Hi I am working on a dataset where there is a host_id and two other columns : reviews_per_month and number_of_reviews. For every host_id, majority of the values are present for these two columns whereas some of them are zeros. For each column, I want to replace those 0 values by the mean of all the values related with that host_id. Here is the code I have tried :
def process_rpm_nor(data):
data['reviews_per_month'] = data['reviews_per_month'].fillna(0)
data['number_of_reviews'] = data['number_of_reviews'].fillna(0)
data_list = []
for host_id in set(data['host_id']):
data_temp = data[data['host_id'] == host_id]

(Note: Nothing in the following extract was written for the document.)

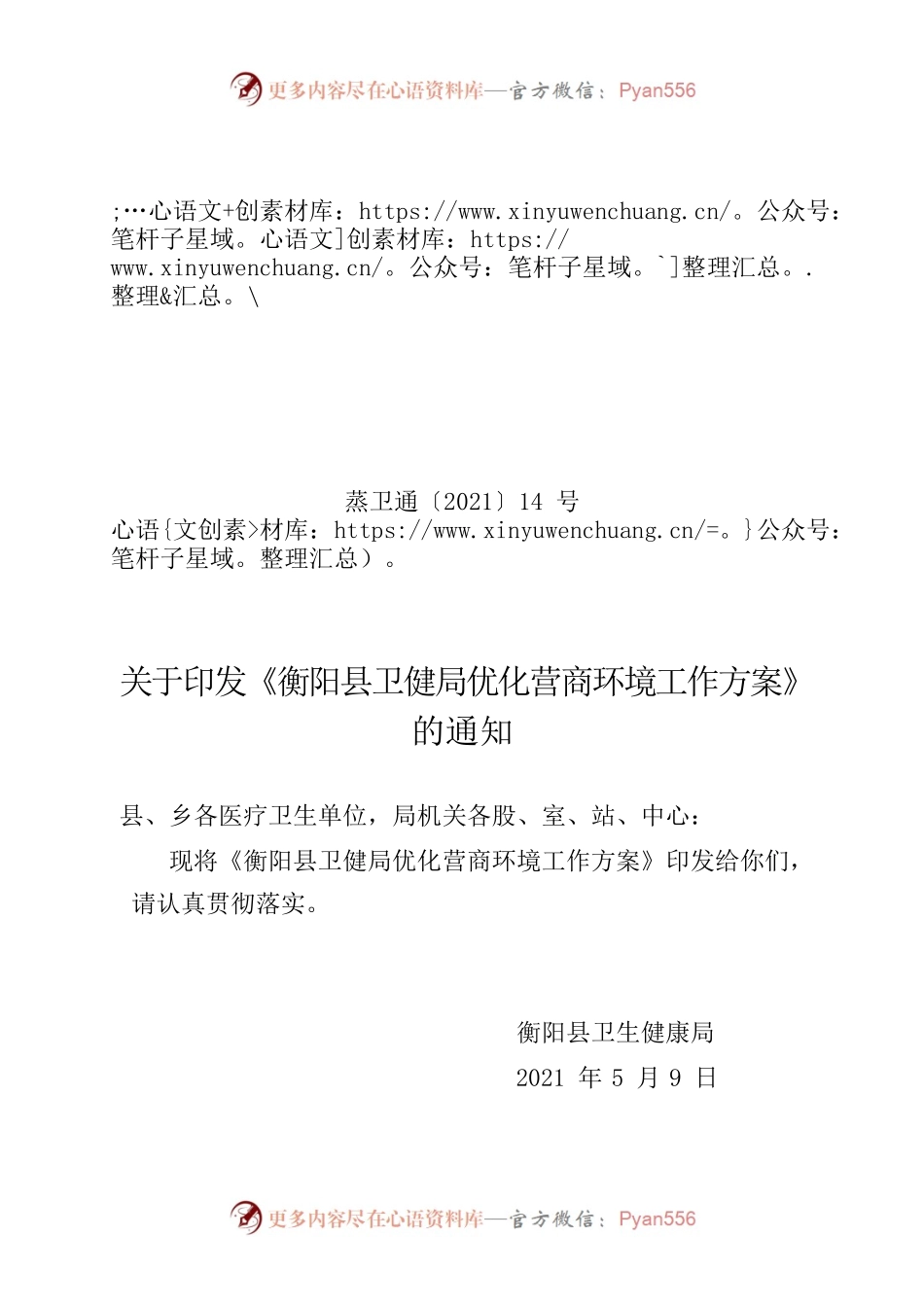 卫健局优化营商环境工作方案.docx_第1页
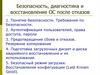 Безопасность, диагностика и восстановление ОС после отказов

nor_non_zero = np.mean(data_temp[data_temp['number_of_reviews'] > 0]['number_of_reviews'])
rpm_non_zero = np.mean(data_temp[data_temp['reviews_per_month'] > 0]['reviews_per_month'])
data_temp['number_of_reviews'] = data_temp['number_of_reviews'].replace(0,nor_non_zero)
data_temp['reviews_per_month'] = data_temp['reviews_per_month'].replace(0,rpm_non_zero)
data_list.append(data_temp)
return pd.concat(data_list, axis = 1)
Though the code works, yet it takes a lot of time to process and I was wondering if anyone could help by offering an alternate solution to this problem or help me optimize my code. I'd really appreciate the help.